#### [Work instructions]
When you reach the line in the data below that contains "Beautiful Ethnic Style", please start repeating lines exactly, and stop after the line that contains "Maliton inflatable travel", repeating nothing else.

#### [Input records]
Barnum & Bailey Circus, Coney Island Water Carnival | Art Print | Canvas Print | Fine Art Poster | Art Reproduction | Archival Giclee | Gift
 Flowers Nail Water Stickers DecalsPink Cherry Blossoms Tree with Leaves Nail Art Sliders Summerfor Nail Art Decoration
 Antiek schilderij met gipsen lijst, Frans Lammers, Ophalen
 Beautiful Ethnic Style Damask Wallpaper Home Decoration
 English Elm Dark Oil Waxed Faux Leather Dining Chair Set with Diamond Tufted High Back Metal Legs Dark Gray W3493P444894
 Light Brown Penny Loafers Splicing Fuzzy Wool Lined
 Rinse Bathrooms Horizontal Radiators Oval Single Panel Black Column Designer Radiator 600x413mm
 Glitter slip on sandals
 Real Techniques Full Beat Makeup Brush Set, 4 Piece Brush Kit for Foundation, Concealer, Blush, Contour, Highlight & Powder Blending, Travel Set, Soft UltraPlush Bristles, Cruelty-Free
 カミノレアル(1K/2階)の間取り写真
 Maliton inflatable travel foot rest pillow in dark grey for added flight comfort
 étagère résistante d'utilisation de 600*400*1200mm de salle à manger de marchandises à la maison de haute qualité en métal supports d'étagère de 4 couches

#### [Task output]
 Beautiful Ethnic Style Damask Wallpaper Home Decoration
 English Elm Dark Oil Waxed Faux Leather Dining Chair Set with Diamond Tufted High Back Metal Legs Dark Gray W3493P444894
 Light Brown Penny Loafers Splicing Fuzzy Wool Lined
 Rinse Bathrooms Horizontal Radiators Oval Single Panel Black Column Designer Radiator 600x413mm
 Glitter slip on sandals
 Real Techniques Full Beat Makeup Brush Set, 4 Piece Brush Kit for Foundation, Concealer, Blush, Contour, Highlight & Powder Blending, Travel Set, Soft UltraPlush Bristles, Cruelty-Free
 カミノレアル(1K/2階)の間取り写真
 Maliton inflatable travel foot rest pillow in dark grey for added flight comfort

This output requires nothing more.